Increase core0 stack to 8K and paint/measure stack usage.

Neotron-Compute / Neotron-Pico-BIOS

BIOS for the Neotron Pico

GNU General Public License v3.0

11 stars 5 forks source link

Increase core0 stack to 8K and paint/measure stack usage. #67

Closed thejpster closed 12 months ago

thejpster commented 1 year ago

I observed in probe-run output that we were using all 4096 bytes of our allocated stack region. Adding the painting and measurement code shows that:

Core 0 uses 4372 bytes peak
Core 1 uses 312 bytes peak

Thus I upgrade Core 0 to have an 8 KiB stack - stealing the top 4 KiB of the striped region and moving all the BIOS global variables down, and also reducing the TPA by 4 KiB.

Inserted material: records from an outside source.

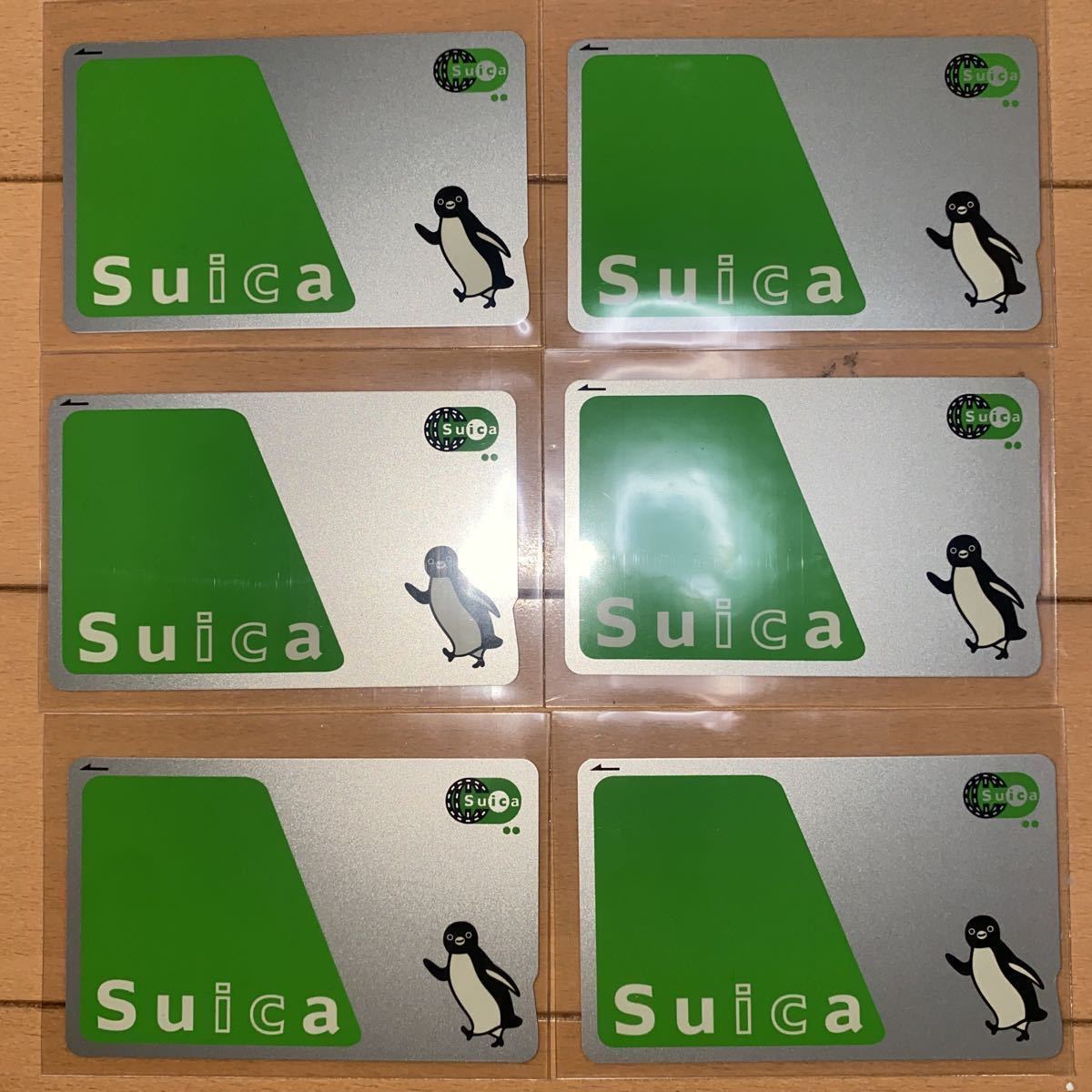 美品 新品 Suica 無記名式 デポジットのみ 6枚セット-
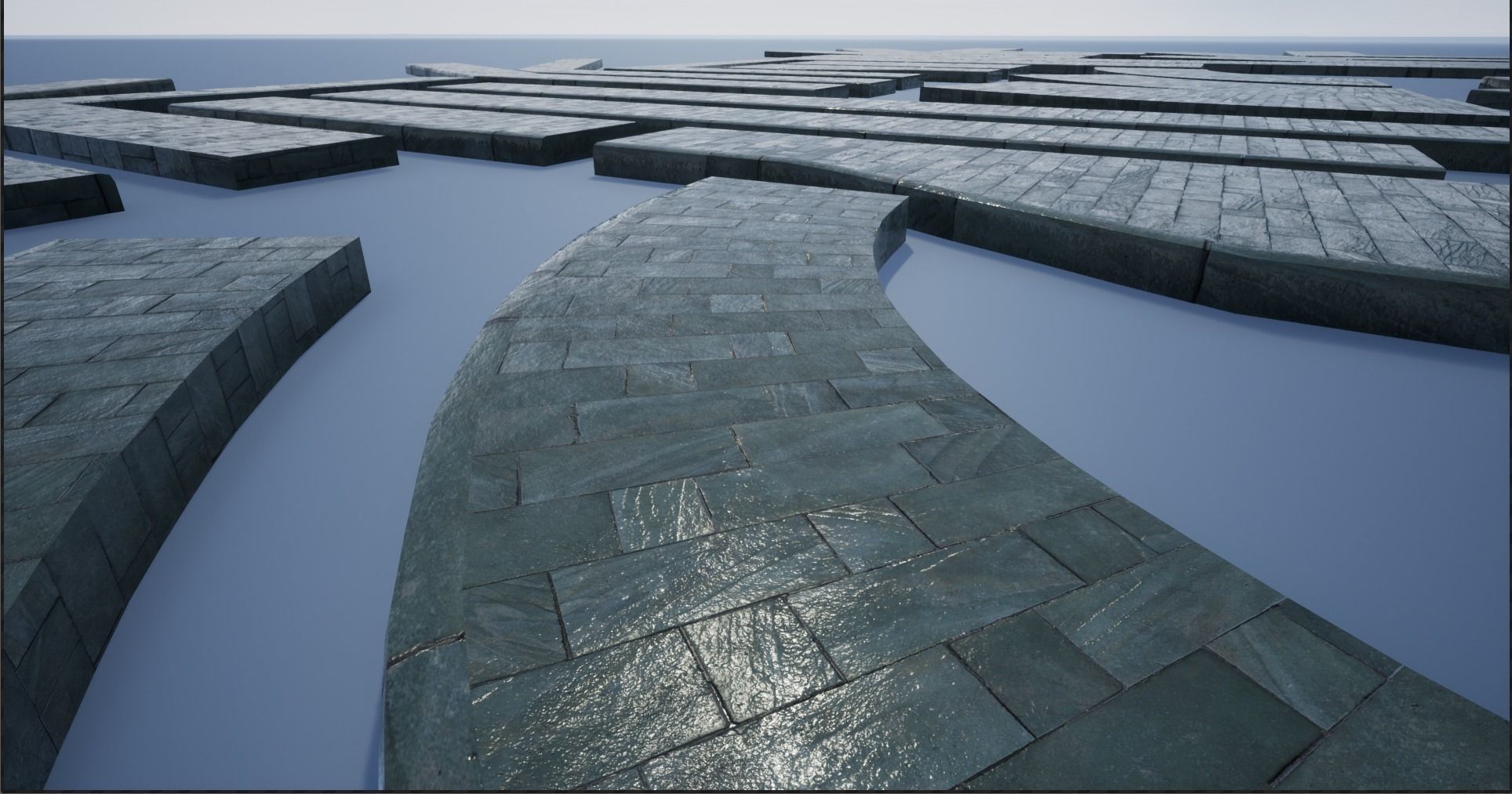 Lowpoly Modular PBR Pavements 4 Low-poly 3D model_13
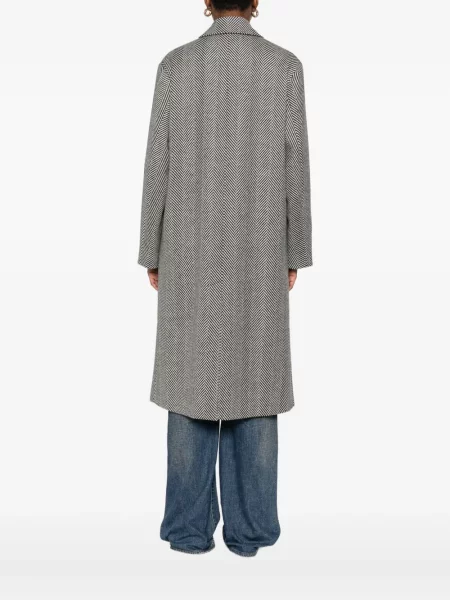 Palton Forte_forte cu model herringbone negru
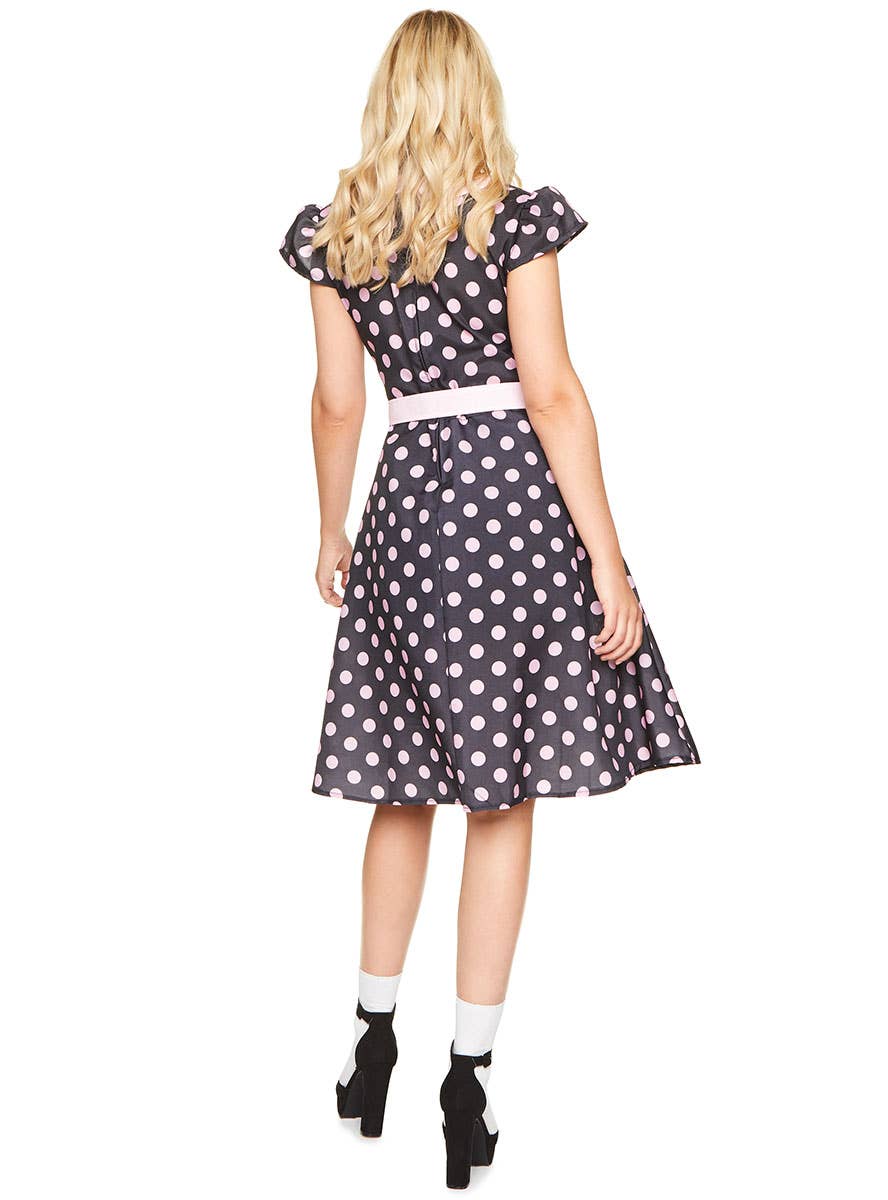 Womens Cute Rock N Roll 1950s Costume Back Image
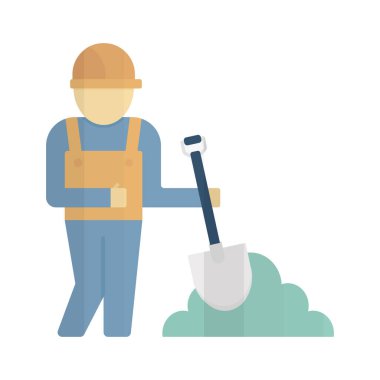 Kolayca değiştirilebilen ya da düzenlenebilen düz vektör simgesi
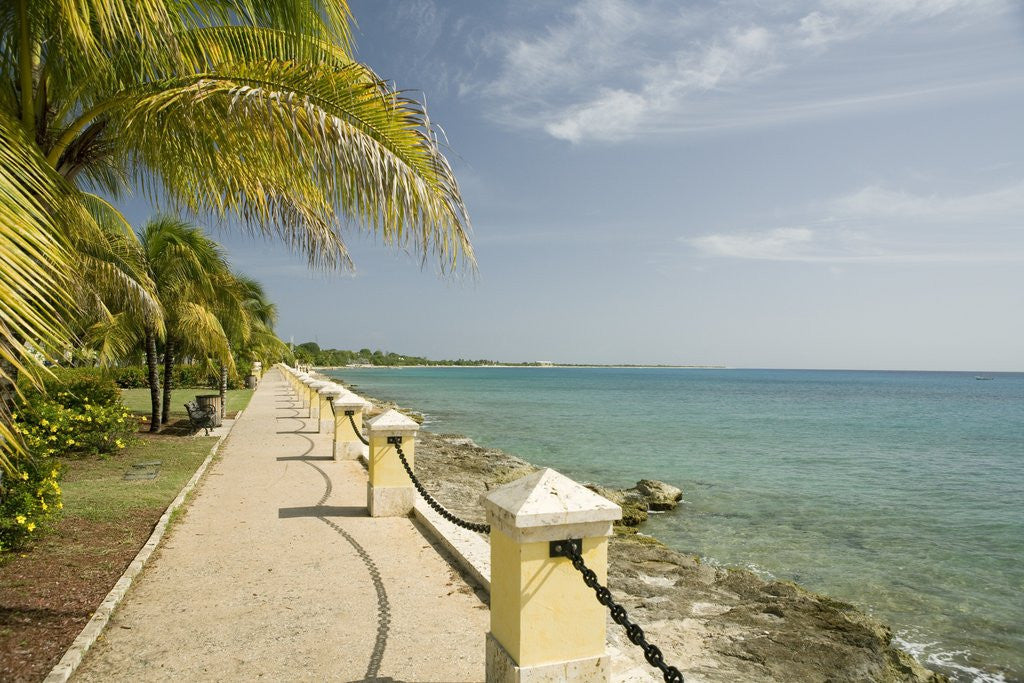 Detail of Waterfront Path on Beach by Anonymous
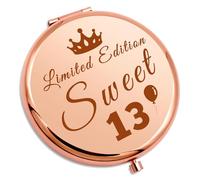 13 Year Old Girl Birthday Gifts Compact Mirror Sweet 13th Birthday Gifts Inspirational Gifts for Daughter 13 Year Old Birthday Gifts Turning 13 Gifts Pocket Makeup Mirror Friendship Birthday Gifts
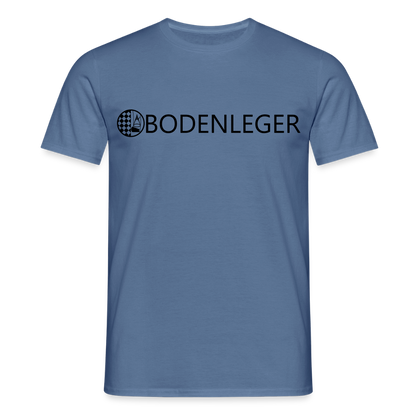 Unisex T-Shirt "Bodenleger" Taubenblau Männer T-Shirt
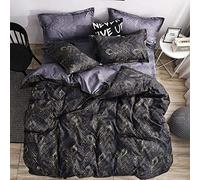 Double Bedding Set Super King Duvet Cover Sets 3pcs Marble Single Queen Size Black Comforter Bed Cotton 200x200-style3_245x210cm (Style7 210x210cm)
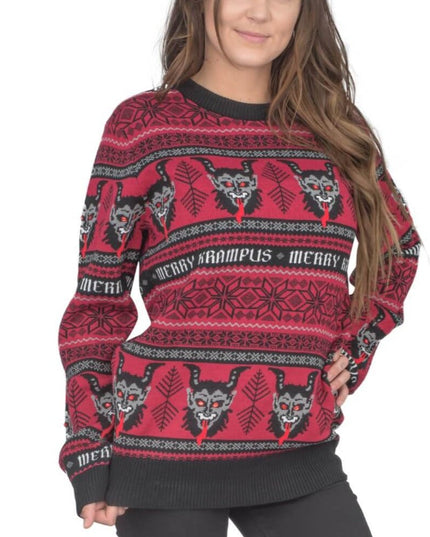 Women's Merry Krampus Ugly Christmas Sweater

Technically we weren't damaging any globals because the 24 KiB block allocated for them had about 900 bytes unused. But we were asking for trouble.

This also led to me finding a bug in probe-run, where it doesn't understand that a stack can span across multiple contiguous memory regions. I raised that as https://github.com/knurling-rs/probe-run/issues/415

thejpster commented 1 year ago

I could also reduce Core 1's stack to, say, 2048 bytes (or 1024 bytes, or even 512 bytes), but that would make Core 0 and Core 1 contend for access to SRAM_REGION_4. There are registers we can read to check how many cycles were stalled waiting for contention, but I figured it was easier for now to just steal some of the striped RAM.

thejpster commented 12 months ago

Idea. Move the Core 1 stuff like the text buffer into SRAM4 and leave the 256K for Core 0.

thejpster commented 12 months ago

Re-arranged things somewhat.

Now there is just a RAM memory region (plus the RAM_OS region which is memory for the OS).

The RAM memory region sits at the top of the SRAM address space, using some of the striped memory, plus all of SRAM_BLOCK4 and SRAM_BLOCK5. Within this region, the .data and .bss sit at the bottom, and the Core 0 stack sits at the top. The Core 1 stack is now just a static mut array of 1024 bytes, located within the .bss section.

I benchmarked the performance and it went from 497,040 chars/sec to 497,205 chars/sec - so basically no change, but certainly not worse than it was.